I'm not an expert on plumbers, but I suspect there aren't many opportunities to meet women there, other than chatting up the occasional single mom. That goes double if your hobbies include watching football at the bar, shooting guns, etc.

That said, I think it's important to have a disclaimer that one may need to move for a better dating scene. Or make time to date (e.g. stop working night shifts). Status matters to conservative areas more than liberal ones (but yes, there will be judgmental women and men who look down on you for your job and even less relevant traits everywhere). One way or another, you need to fit into the world of women

Speaking for myself, I need to find better ways of interacting with women regularly. I'm still working on it, but I try to think about the vibes women want. For example, I wanted to start playing recreational sports after work a couple years ago. A desire shared across genders, races, wealth, etc.

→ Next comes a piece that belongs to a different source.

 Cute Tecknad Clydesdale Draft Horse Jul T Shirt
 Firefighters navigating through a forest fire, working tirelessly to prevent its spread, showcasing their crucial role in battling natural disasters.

I continue to play Ultimate Frisbee, dodgeball, and basketball in the park regularly. I found the event through Meetup.com after hearing people say I should look there for dating/friendship opportunities. You go there an you mostly see other tech guys like me (which is something I heard before and that actually put me off from trying something new, unfortunately). I thought like a tech guy and met other tech guys.

Women are into exercise too obv, but it has to have a gentle vibe, for lack of better words. Hell, even "Sports" as a concept can leave a masculine, rough, competitive impression which can turn women off (unless she's ovulating 🥁🔔). Also, perhaps more importantly, cute girls generally don't want to drive to the gym or a group hike and get hit on by men they don't know.

Think about places where you're not going to get hit in the face with a rubber ball, have to guard the ball from big strangers, or ideally even go to a random park you've never been to. In my experience, the best way to meet women the fitness route is to go the THE yoga studio/franchise in your area with a good IG. A place where she can do her wellness routine, talk to her girlfriends, and just maybe chat with that man with cool jewelry after.

You gotta think Instagram (or Tumblr), not Reddit if that makes sense. I know that's a lot more complex and vague than "Just get a haircut" or "Just be hot" or yes, "Just be kind", but that's my understanding as of Gucci Mane Day 2025. Rule #1 of dating as a straight man: Don't scare the hoes.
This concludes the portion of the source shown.